- ACTIVITY -
Restate, exactly as written, the entries below from the line that holds "SALE30%OFFCOCODEAL ǥ ٥դХʥ" through the line that holds "2659 Woodley Park Dr — Photo 17". Pictures are not part of the copy.

- SOURCE DATA -
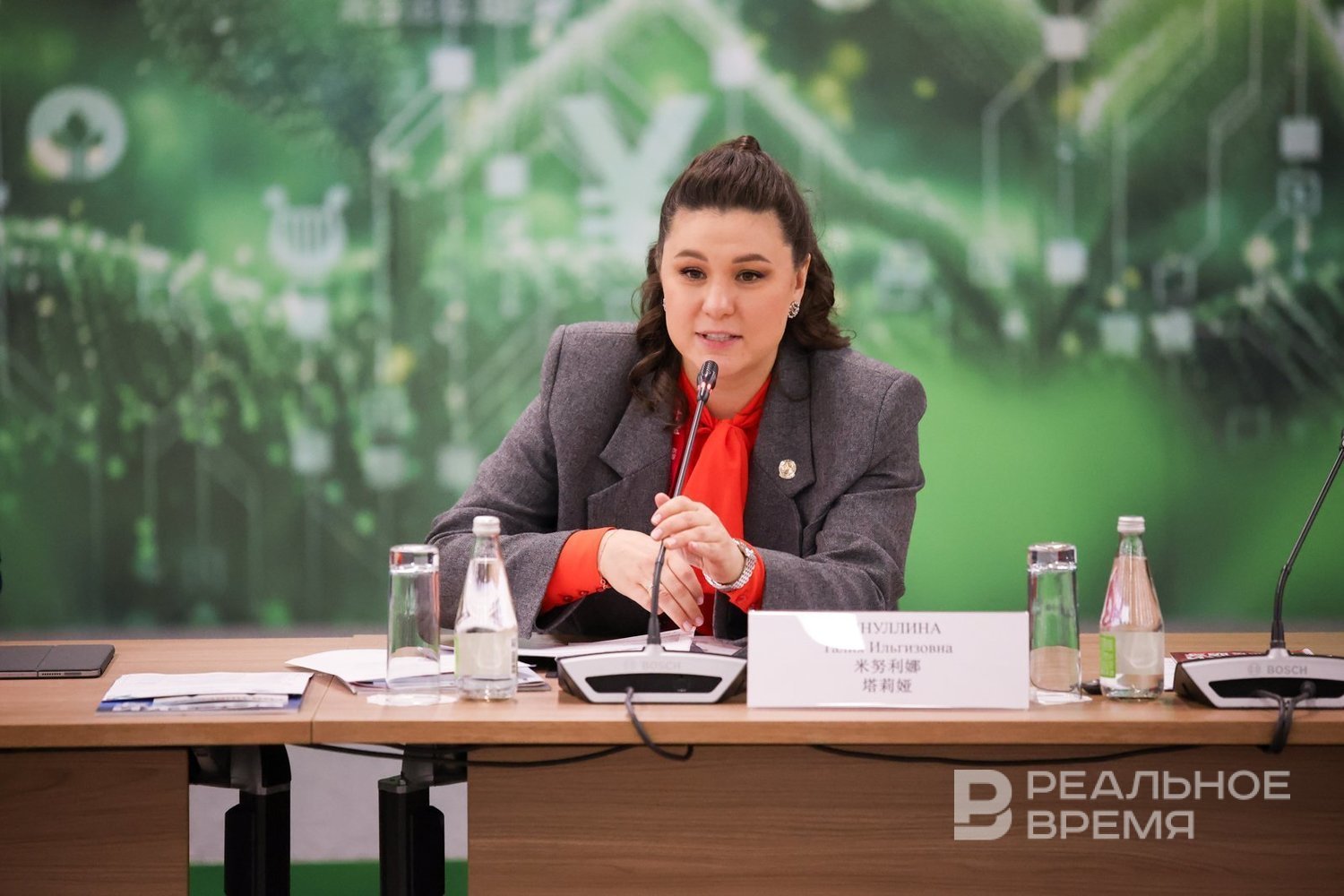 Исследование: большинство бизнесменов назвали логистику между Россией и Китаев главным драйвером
--
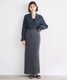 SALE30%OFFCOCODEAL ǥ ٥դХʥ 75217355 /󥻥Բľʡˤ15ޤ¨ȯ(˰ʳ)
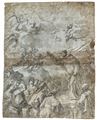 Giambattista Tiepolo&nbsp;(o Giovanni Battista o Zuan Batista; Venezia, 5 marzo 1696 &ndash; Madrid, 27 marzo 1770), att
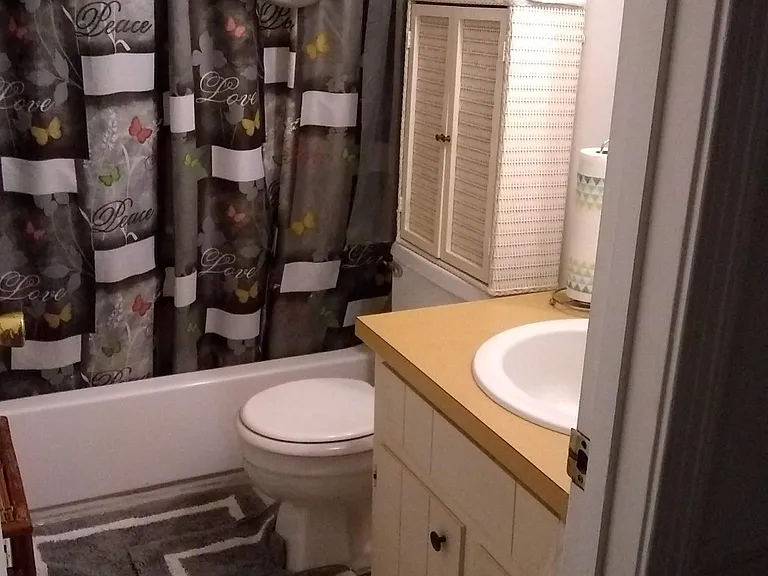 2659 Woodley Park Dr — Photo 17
--
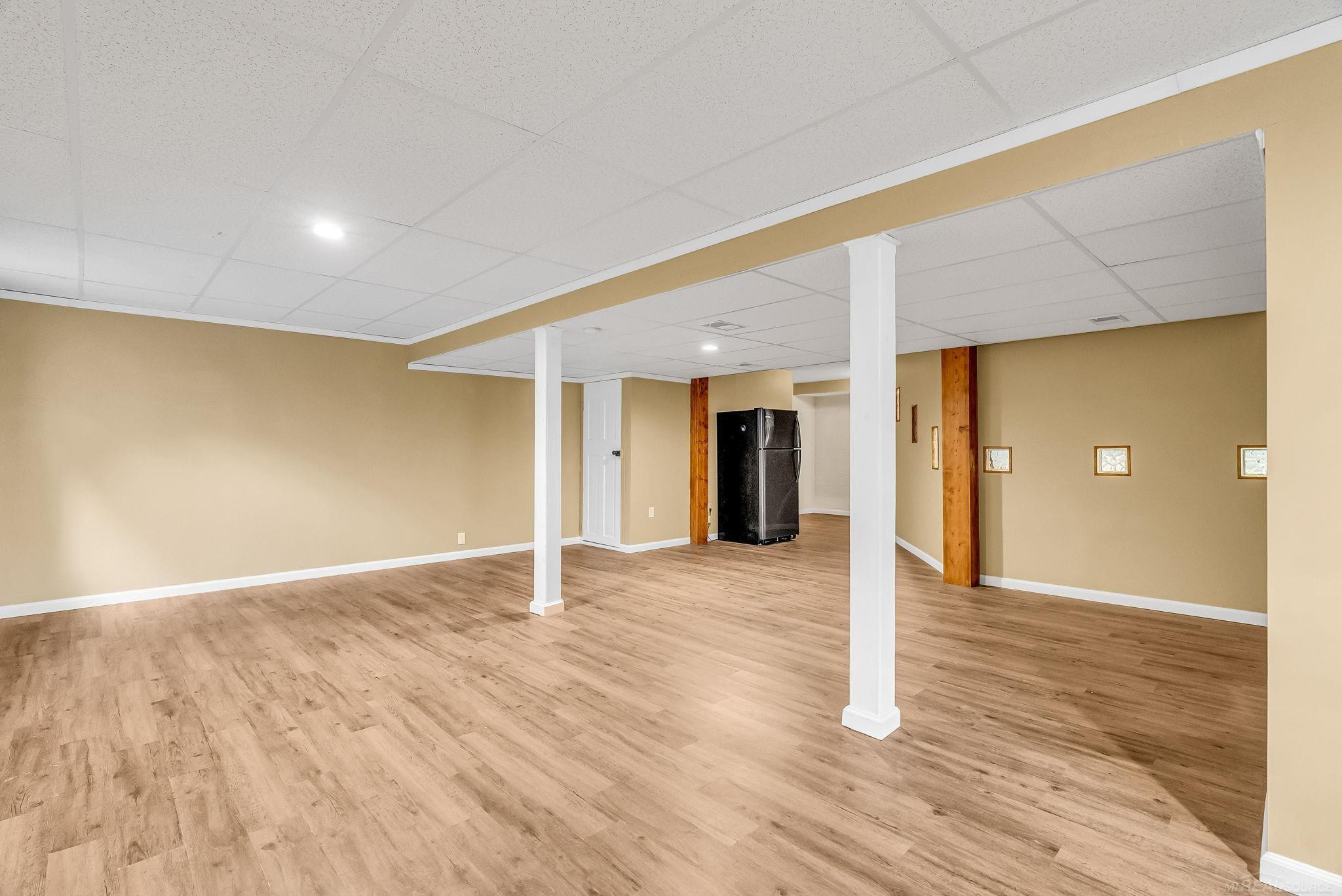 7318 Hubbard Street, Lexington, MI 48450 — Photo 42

- SOLUTION TO THIS PROBLEM -
 SALE30%OFFCOCODEAL ǥ ٥դХʥ 75217355 /󥻥Բľʡˤ15ޤ¨ȯ(˰ʳ)
 Giambattista Tiepolo&nbsp;(o Giovanni Battista o Zuan Batista; Venezia, 5 marzo 1696 &ndash; Madrid, 27 marzo 1770), att
 2659 Woodley Park Dr — Photo 17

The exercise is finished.